■ MATERIAL PROVIDED ■

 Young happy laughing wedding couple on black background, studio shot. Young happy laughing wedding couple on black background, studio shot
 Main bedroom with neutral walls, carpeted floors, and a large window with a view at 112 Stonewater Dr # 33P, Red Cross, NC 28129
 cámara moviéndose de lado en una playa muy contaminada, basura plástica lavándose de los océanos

* * *

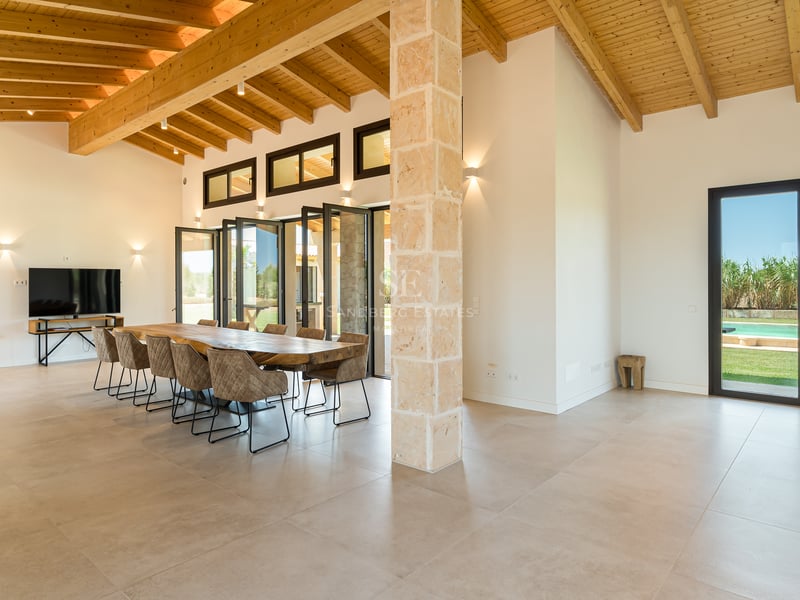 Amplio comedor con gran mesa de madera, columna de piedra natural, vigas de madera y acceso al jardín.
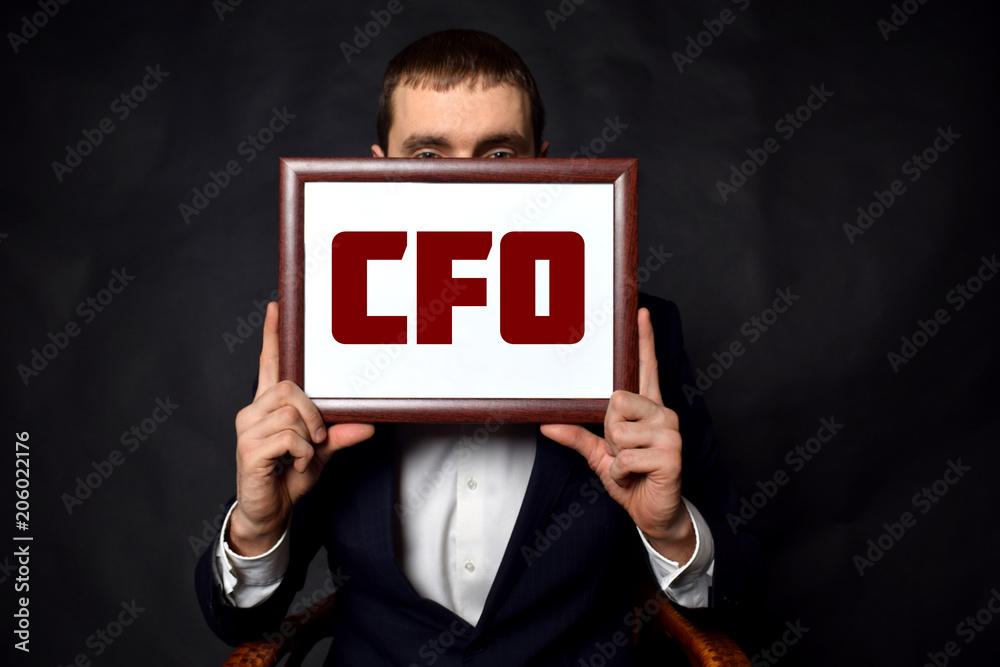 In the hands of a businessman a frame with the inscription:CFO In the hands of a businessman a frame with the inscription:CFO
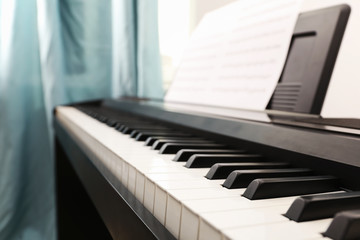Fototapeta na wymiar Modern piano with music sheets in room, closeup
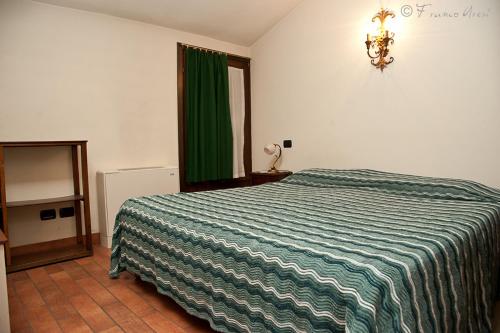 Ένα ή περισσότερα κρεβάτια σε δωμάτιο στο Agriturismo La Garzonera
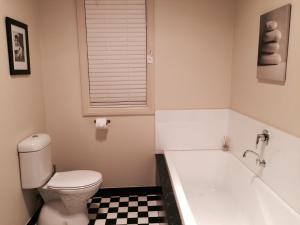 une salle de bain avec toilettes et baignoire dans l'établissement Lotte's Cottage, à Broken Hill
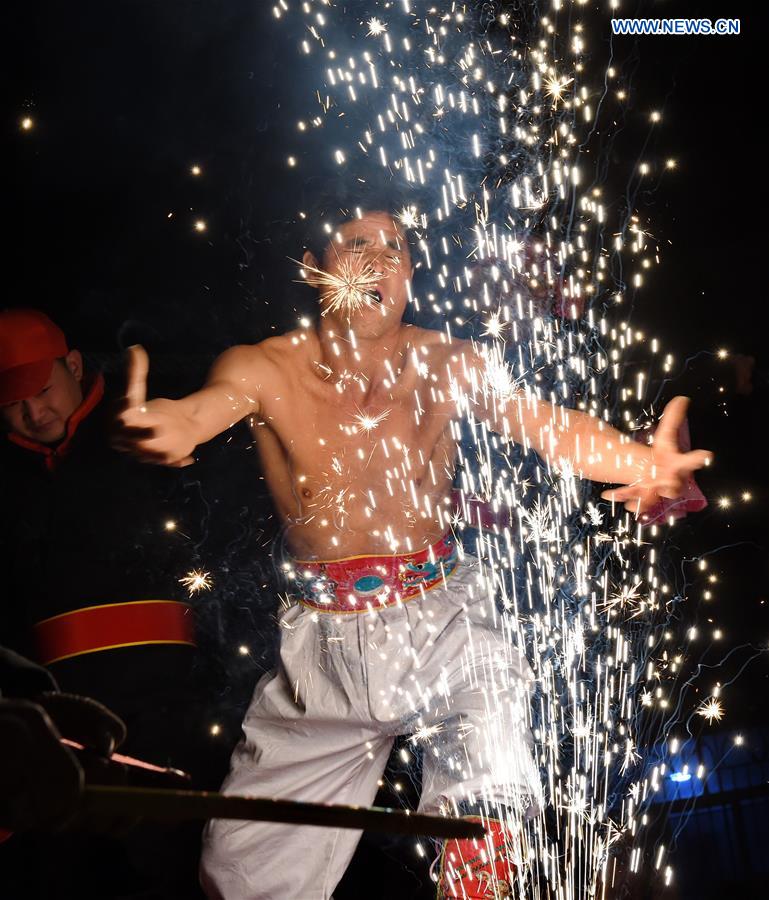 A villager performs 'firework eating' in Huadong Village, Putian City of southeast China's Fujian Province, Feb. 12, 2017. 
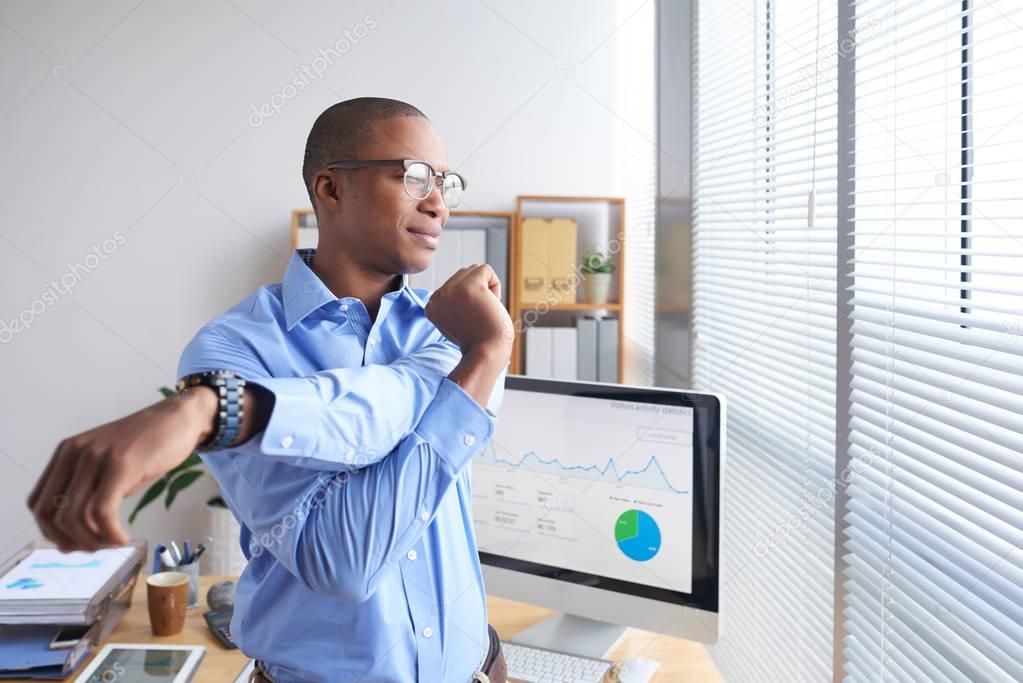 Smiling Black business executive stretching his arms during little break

■ YOUR TASK ■
In the listing above, locate the line containing "Main bedroom with" and the line containing "cámara moviéndose de". Transcribe those two lines and everything between them, exactly as written.

■ ANSWER BOX ■
 Main bedroom with neutral walls, carpeted floors, and a large window with a view at 112 Stonewater Dr # 33P, Red Cross, NC 28129
 cámara moviéndose de lado en una playa muy contaminada, basura plástica lavándose de los océanos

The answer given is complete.